- [YOUR GOAL]: I need the lines from the one containing "Mulberry Grain Vegetable" through the last line of the entries retyped exactly, with no pictures among them.

START DATA UNDER STUDY

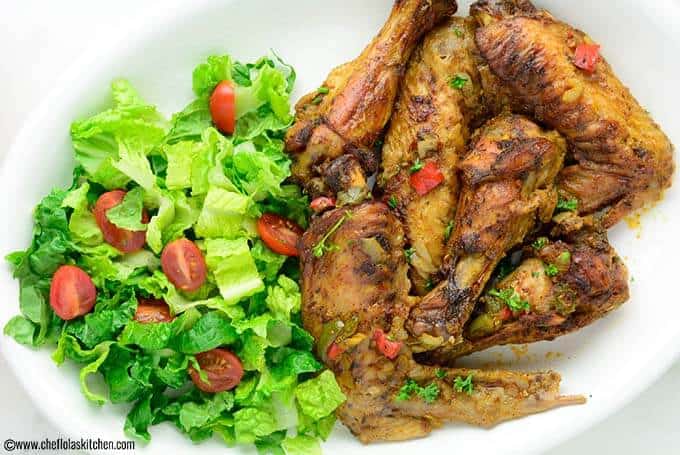 Deliciosas alitas de pavo al horno Deliciosas alitas de pavo al horno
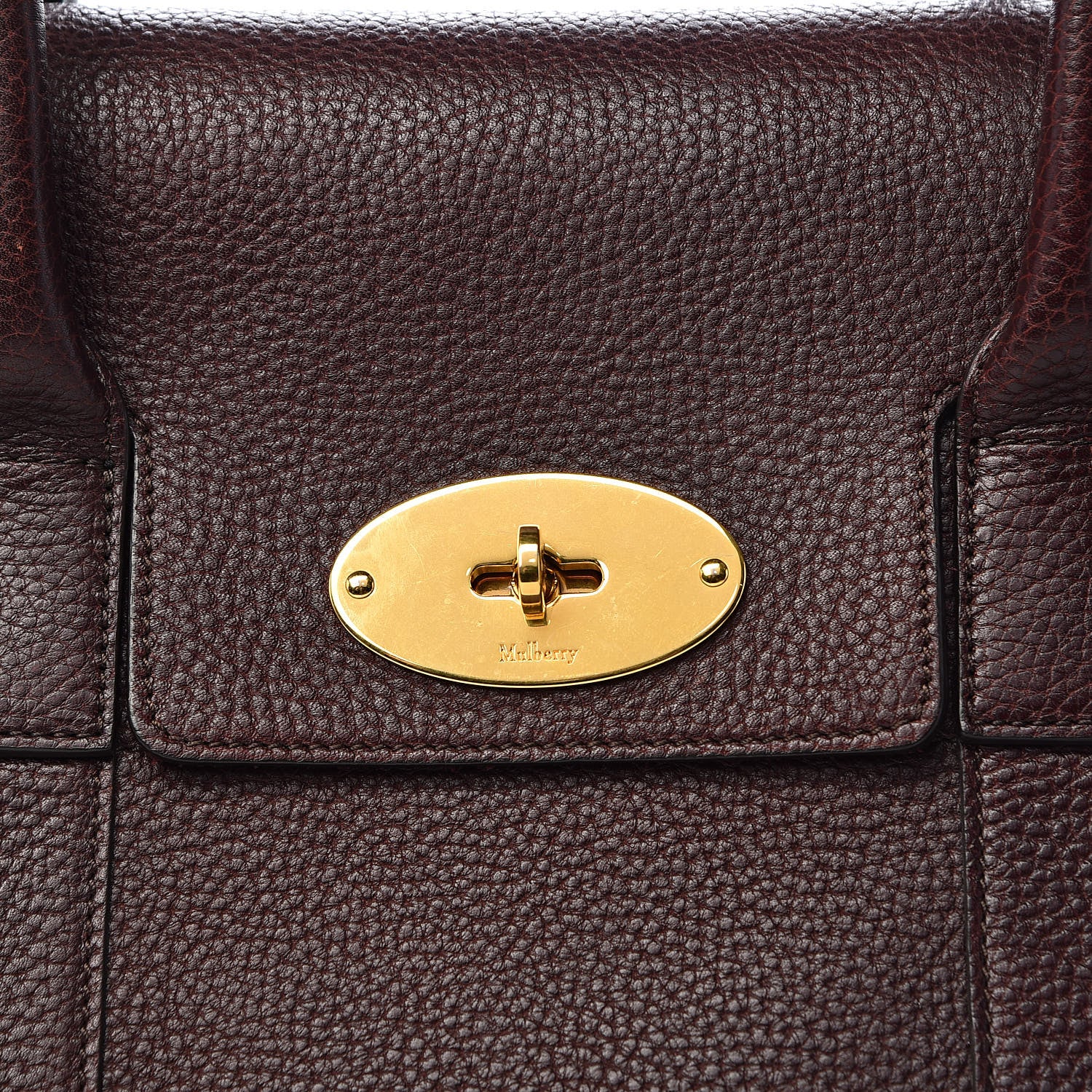 Mulberry Grain Vegetable Tanned Calfskin Bayswater Oxblood 13 of 13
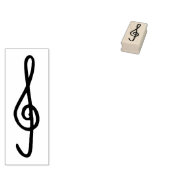 handdrawn treble clef  ラバースタンプ (押印)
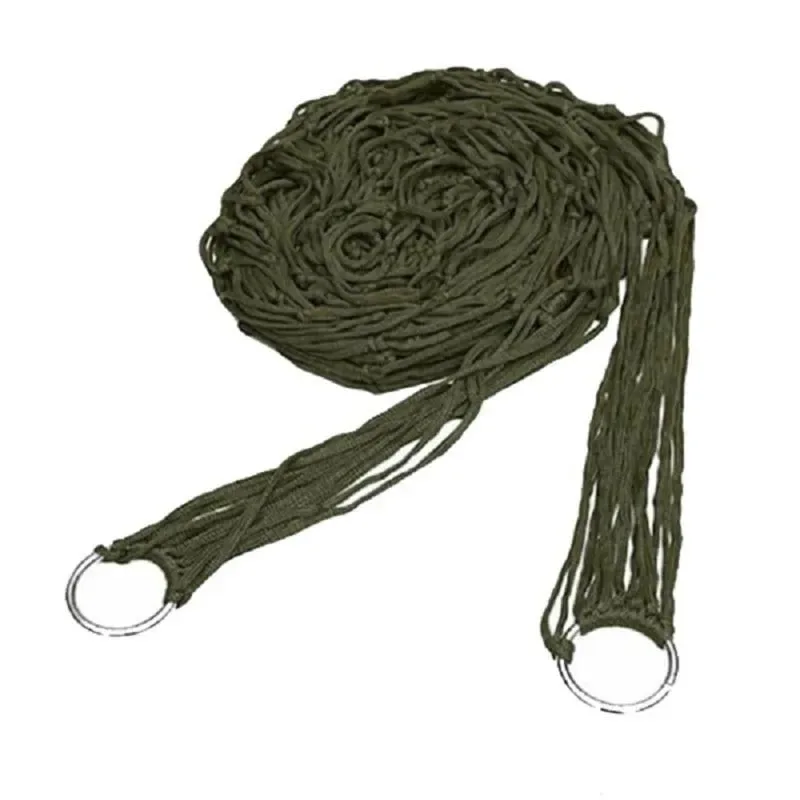 Safe Portable Outdoor Sport Hammock Mesh Net for Camping Garden Beach Travel Carefully Designed
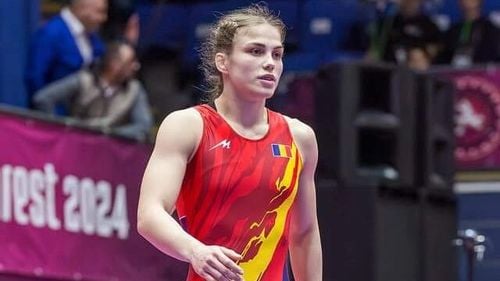 Argint pentru România la Campionatul European de lupte: Kateryna Zelenykh, vicecampioană continentală la 68 kg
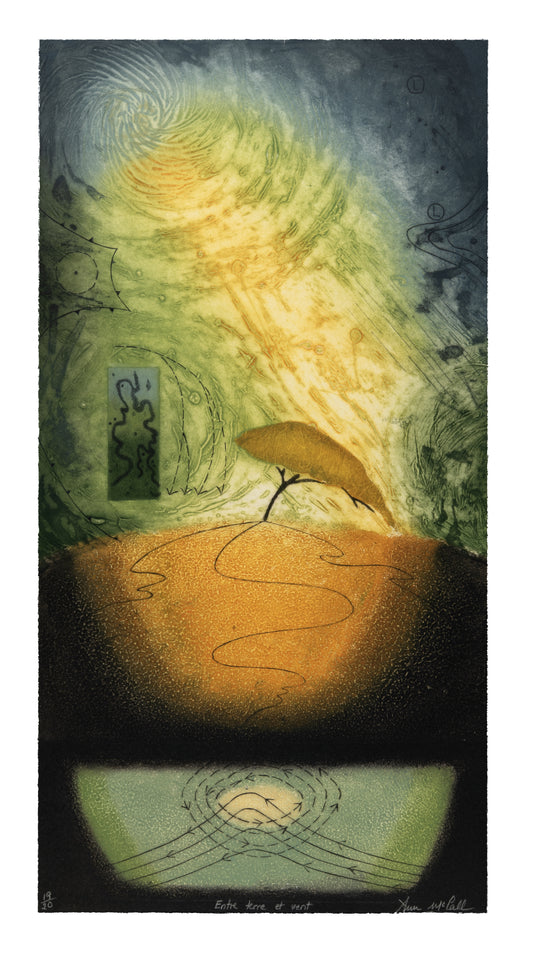 Ann McCall, Entre terre et vent, collagraph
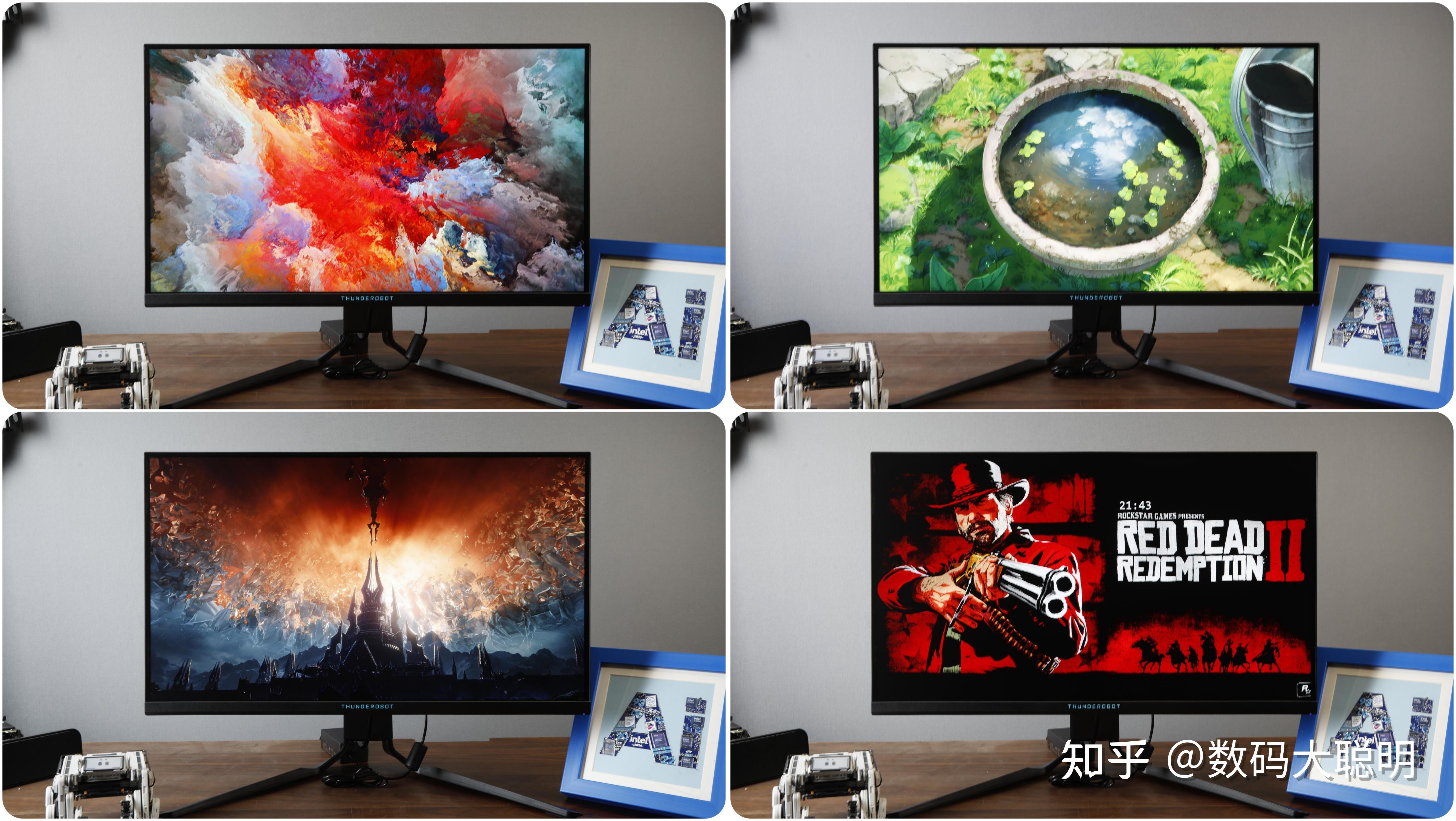 屏丨全球首款24寸2k 240hz显示器!雷神lq25f240l综合评测,fps发烧而生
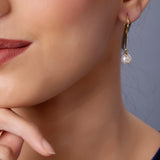 Luminous Descent 925 Silver Earrings - Diavo Jewels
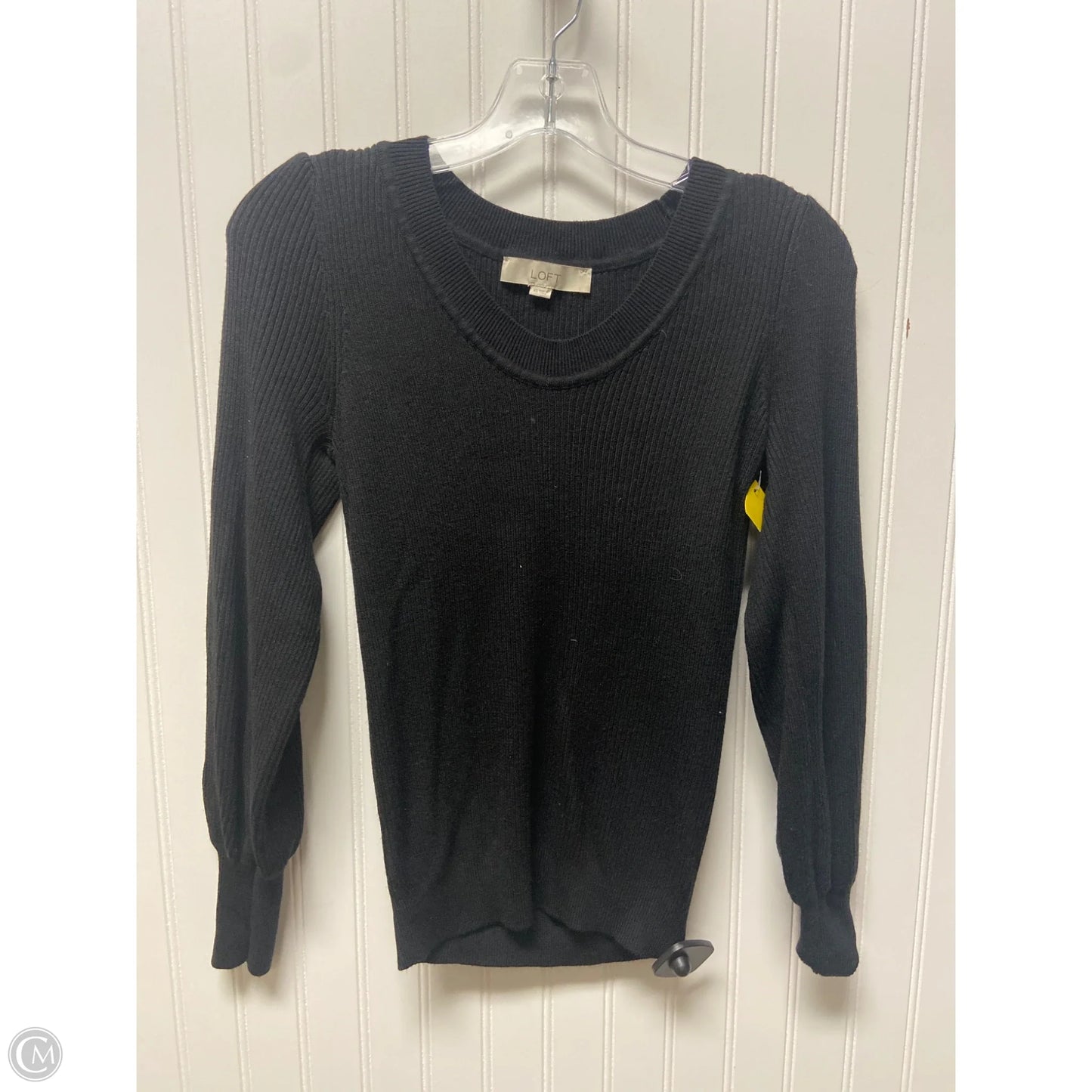 Sweater By Loft In Black, Size: Xs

END DATA UNDER STUDY

- [EXERCISE ANSWER]:
 Mulberry Grain Vegetable Tanned Calfskin Bayswater Oxblood 13 of 13
 handdrawn treble clef  ラバースタンプ (押印)
 Safe Portable Outdoor Sport Hammock Mesh Net for Camping Garden Beach Travel Carefully Designed
 Argint pentru România la Campionatul European de lupte: Kateryna Zelenykh, vicecampioană continentală la 68 kg
 Ann McCall, Entre terre et vent, collagraph
 屏丨全球首款24寸2k 240hz显示器!雷神lq25f240l综合评测,fps发烧而生
 Luminous Descent 925 Silver Earrings - Diavo Jewels
 Sweater By Loft In Black, Size: Xs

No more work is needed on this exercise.